The supplement industry is loud right now, especially around hydration, sleep aids, and “longevity” powders that promise a whole new life in one scoop. A more grounded approach starts with a simple truth: supplements are supplemental. Food-first nutrition still matters most, and the best sports nutrition strategy is usually boring basics done consistently. When brands imply you need electrolytes morning, afternoon, and before bed, it turns performance nutrition into a daily dependency. For many people doing a one-hour workout, sodium and fluids from normal meals are already enough, making the current electrolyte hype feel less like science and more like advertising.

A major issue is transparency. Many popular products hide behind proprietary blends, where you see a long list of ingredients but not the dose of each one. That allows “fairy dust” amounts: tiny quantities that look impressive on a label yet are unlikely to deliver meaningful benefits. It can also make verification harder, because you cannot easily test whether each ingredient is present at the claimed amount. A trust-centered brand approach emphasizes full disclosure, realistic claims, and formulations based on peer-reviewed research rather than influencer trends. If a product claims to balance hormones, boost metabolism, or “fix” sleep without lifestyle change, that is often a red flag.

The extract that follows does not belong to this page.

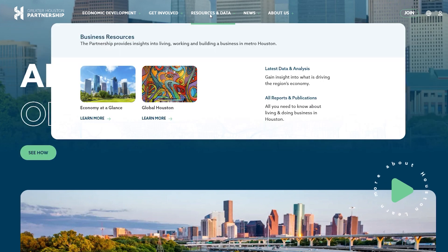Looking for data and insights? What used to be split between Houston economy and business resources is now front and center in our new resources and data section. Here, you can explore economic reports, publications, and much more.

Quality control is where sports nutrition gets real. GMP compliance and third-party testing help confirm a supplement is safe and accurately labeled, including checks for contaminants like heavy metals and microbes. For athletes, banned-substance screening matters too, since contaminated supplements can contain compounds that show up on drug tests. Even for non-elite athletes, these tests protect basic health and reduce the risk of consuming unknown stimulants or adulterants. Certifications and audits are not the only way to make a good product, but they make it easier for consumers to verify claims in a market where trust is often earned the hard way.

The conversation also highlights how everyday life drives supplement use. Busy parents, endurance athletes, and people juggling training with work may use protein powder for convenience, not as a replacement for real meals. Vitamin D and omega-3 supplements can be practical gaps to fill, especially when sun exposure is limited or fatty fish is rare in the diet. Creatine stands out as one of the most researched supplements in the world, with strong evidence for strength and performance and growing interest in cognition under high-stress conditions like sleep deprivation and aging. The key is framing it as a support tool, not a magic fix.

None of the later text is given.